TASK PROMPT - Would you transcribe the records below from the line with "太阳能LED路灯 太阳能路灯厂家 38000亿彩网" to the line with "Gujiya Candle –", ends included, exactly and with nothing more, leaving the pictures out?

INFORMATION SHOWN -
· · · · · · ·

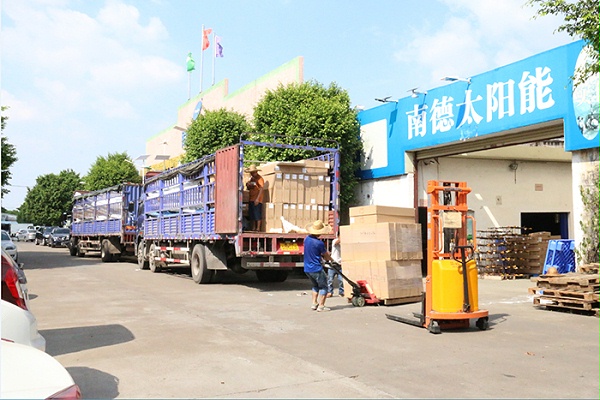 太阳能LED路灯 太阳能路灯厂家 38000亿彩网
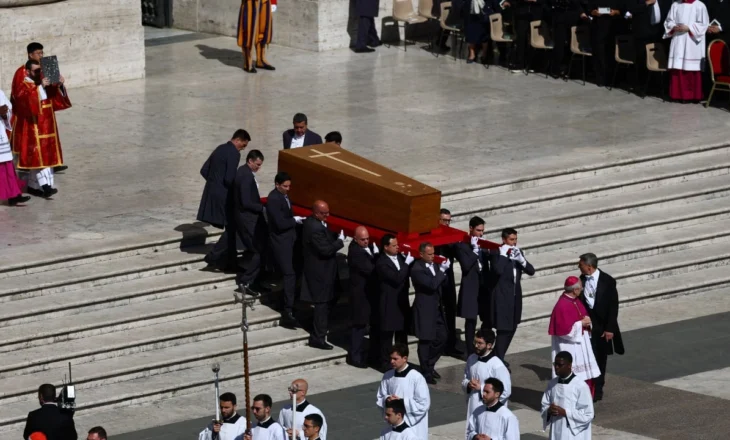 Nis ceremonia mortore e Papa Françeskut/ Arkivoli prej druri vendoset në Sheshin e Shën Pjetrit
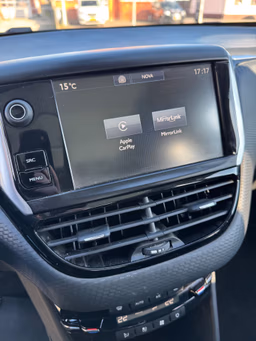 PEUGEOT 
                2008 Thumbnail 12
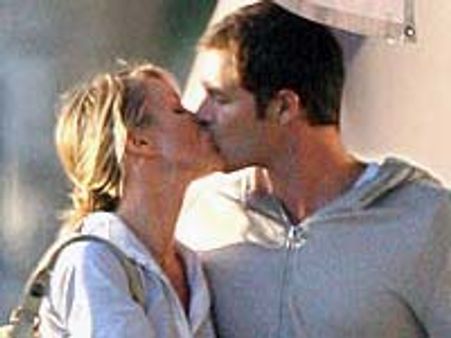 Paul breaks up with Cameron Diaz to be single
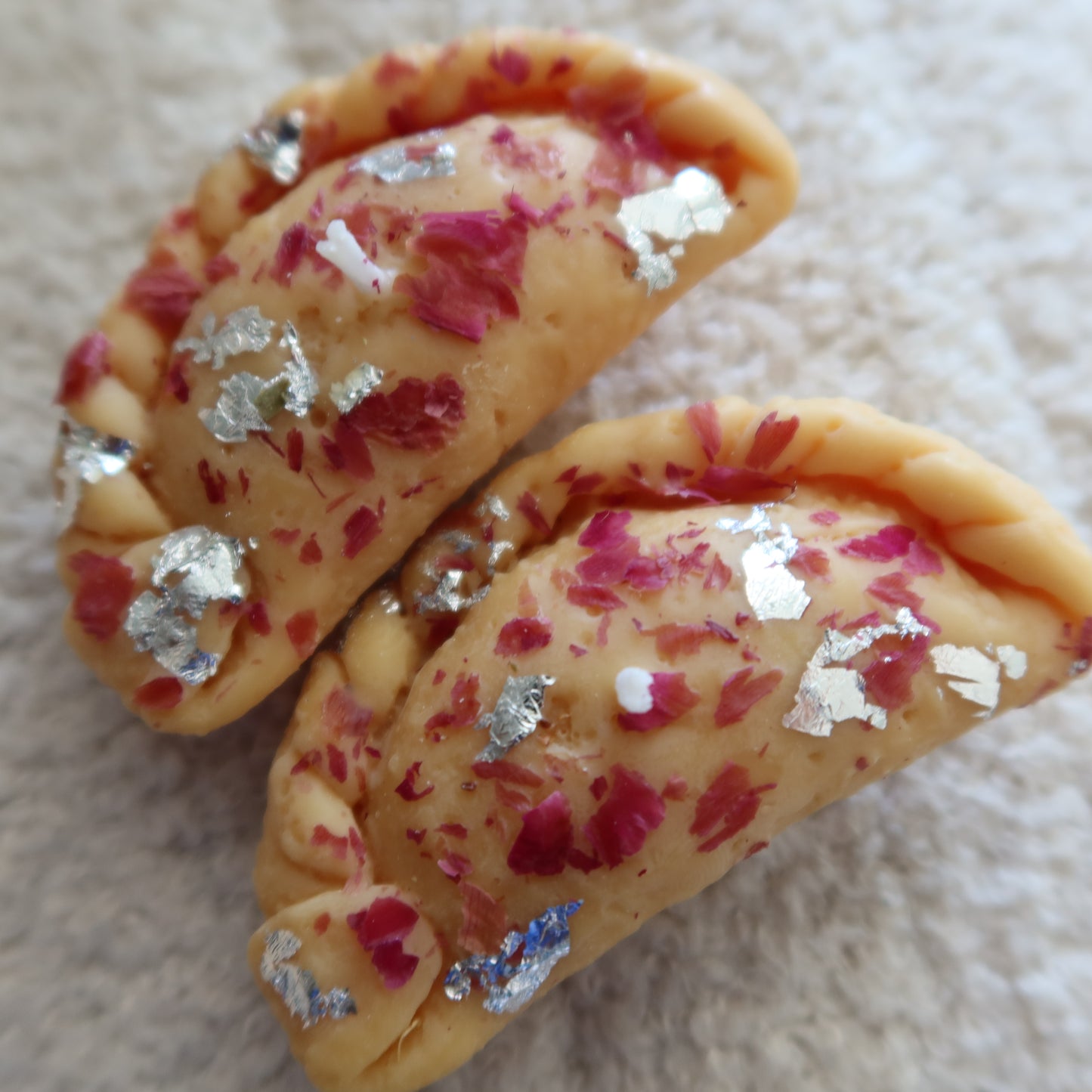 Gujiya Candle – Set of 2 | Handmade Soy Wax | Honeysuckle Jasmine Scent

· · · · · · ·

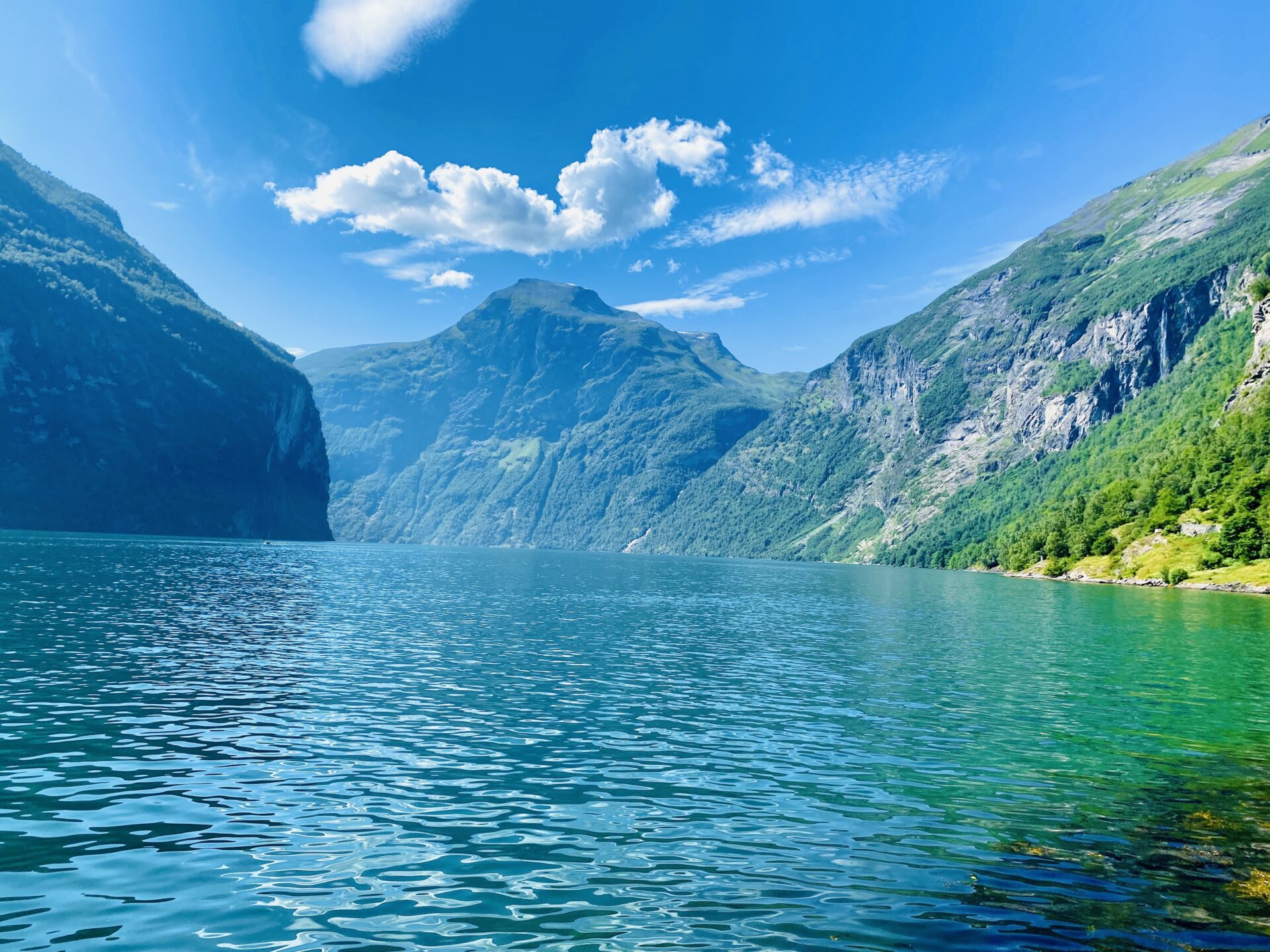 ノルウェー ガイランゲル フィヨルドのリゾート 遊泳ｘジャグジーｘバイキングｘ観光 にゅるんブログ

· · · · · · ·

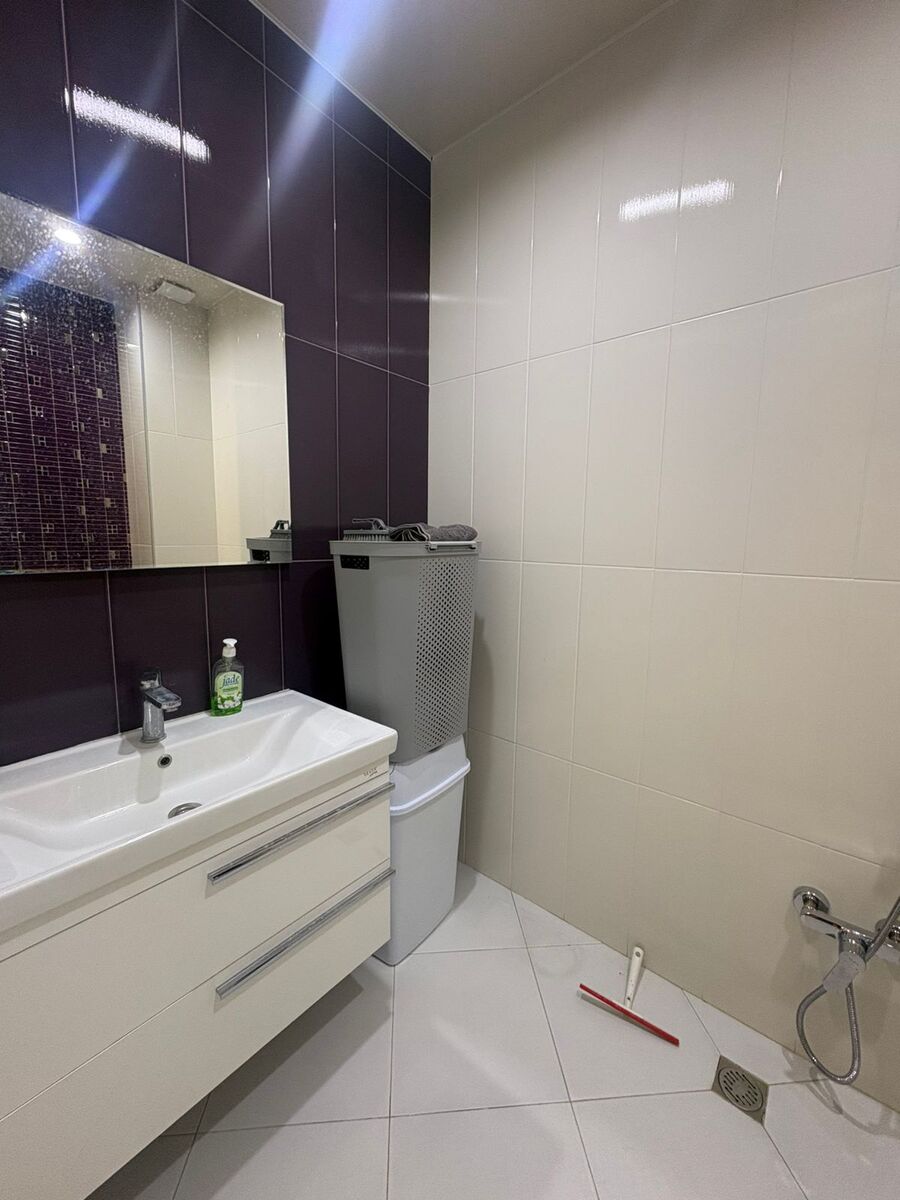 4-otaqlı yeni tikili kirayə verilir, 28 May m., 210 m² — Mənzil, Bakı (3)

· · · · · · ·

ANSWER BOX -
 太阳能LED路灯 太阳能路灯厂家 38000亿彩网
 Nis ceremonia mortore e Papa Françeskut/ Arkivoli prej druri vendoset në Sheshin e Shën Pjetrit
 PEUGEOT 
                2008 Thumbnail 12
 Paul breaks up with Cameron Diaz to be single
 Gujiya Candle – Set of 2 | Handmade Soy Wax | Honeysuckle Jasmine Scent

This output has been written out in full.